Ocean

“Accept what is, let go of what was, and have faith in what will be.” ~Sonia Ricotti

 

 

As children we were naturally able to express our emotions. We may not have had the best tools to understand and deal with them so we cried when we felt sad, threw a tantrum when we were angry, squeezed our teddy bear when we felt scared and laughed and giggled when we were happy.

Then there came a time, most likely through adolescence, when we were taught to repress our emotions. Naturally it was necessary to learn that it was not a good way to express ourselves by throwing tantrums, yelling, screaming or crying.

However, when we lose touch with our emotions we become unaware of what is really happening for us. All we feel is either comfortable when we are happy or uncomfortable when we are angry, sad or irritated. We allow the outside world to trigger us and then blame others or circumstances for how we feel, defend our feelings and act in our own best interest. That behavior causes suffering for us and others. So how do we break out of this?

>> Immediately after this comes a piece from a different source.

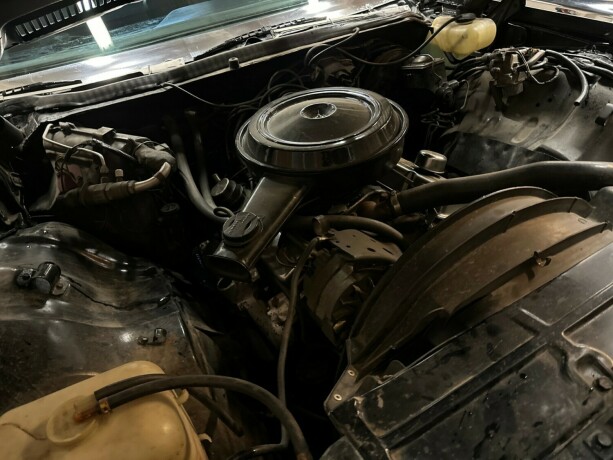 chevrolet-caprice-bensin-1973-big-48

How can you find your way back to connecting with and embracing your emotions?

Here are 4 Steps
on how to acknowledge your emotions, learn from them and move on

 


1. Become aware of your emotions

First it is important to understand the dynamics of your thoughts. You may well be aware about the fact that thoughts influence emotions.  However, there is an important distinction. Actually, not all thoughts are real. Some are just the “mind chatter” feeding on our insecurities, fears or other triggers and send us spiraling down. Once you are able to feel the difference, you are fully aware of the predominant emotion(s) present.

 

2. Feel the emotion fully

By keeping your feelings hidden, avoiding emotions and choosing distractions, you may feel in control of your circumstances yet actually get stuck or build emotional walls around you.

Feeling your emotions fully and accepting your circumstances and where you are in life, opens yourself up to more empowering and positive conditions.

You can access your emotions fully by taking some time to sit in stillness. Just you and your emotions. Here you just feel. This may be daunting and it certainly takes courage. And yes, it can be painful and at the same time enlightening as you explore the deeper layers of yourself that lay hidden from you before. You start opening yourself up to learning more about yourself, the layers of the predominant emotions and their lessons.

Ask yourself what the emotion that is coming up for you is trying to tell you? Is it a thought that caused it or a true emotion? Can you talk to somebody about it, do some journaling or sit with it? Emotions teach you to become aware of your past conditioning or triggers and help you to understand, heal, and grow.

Tune in to the emotions  that you are currently feeling. Where do you feel them in your body? How do they make you feel? Close your eyes and define the details of your emotions. Do they have a shape, color, sensation to it?

Embrace your emotions fully! They are here to help you understand yourself better.

3. Be compassionate and non-judgmental 

As you go through this deep work, make sure to show yourself lots of compassion, patience and love.

You may be practicing a non-judgmental attitude in your yoga classes. Now you can take your acquired skills and apply them to your feelings by not judging an emotion as good or bad. Your emotions are here to help you realize whether you are on the right track, or need to change something in your life. The labeling of “good” or “bad” is subjective and depends on your values. When you look back at situations in your life, you often see the reason why things happened and that it all made sense. So “bad” emotions are simply here to pay attention, listen within and maybe take a different turn at the crossroads of your life.

4. Accept and Surrender
 

“What you resist, persists.” ~ C. G. Jung

The final step is to fully accept what is.

When you focus on the negative, offer resistance and judgment the likely outcome will be that you get stuck in an uncomfortable situation or environment. Once you let go of the need to be in control, offer acceptance, non-judgment and non-resistance you open yourself up for new opportunities.

Observe how your thoughts related to the emotions tend to take you to the past or future, away from the present moment. Once you worked through your emotions, it becomes easier to release these thoughts.

Allow the ebb and flow of life. Allow sadness, tears and loss. Allow love, gratitude and happiness. Stay in the flow of the emotions as they come and go and discover what else is there.

How you feel is your choice. What are you choosing?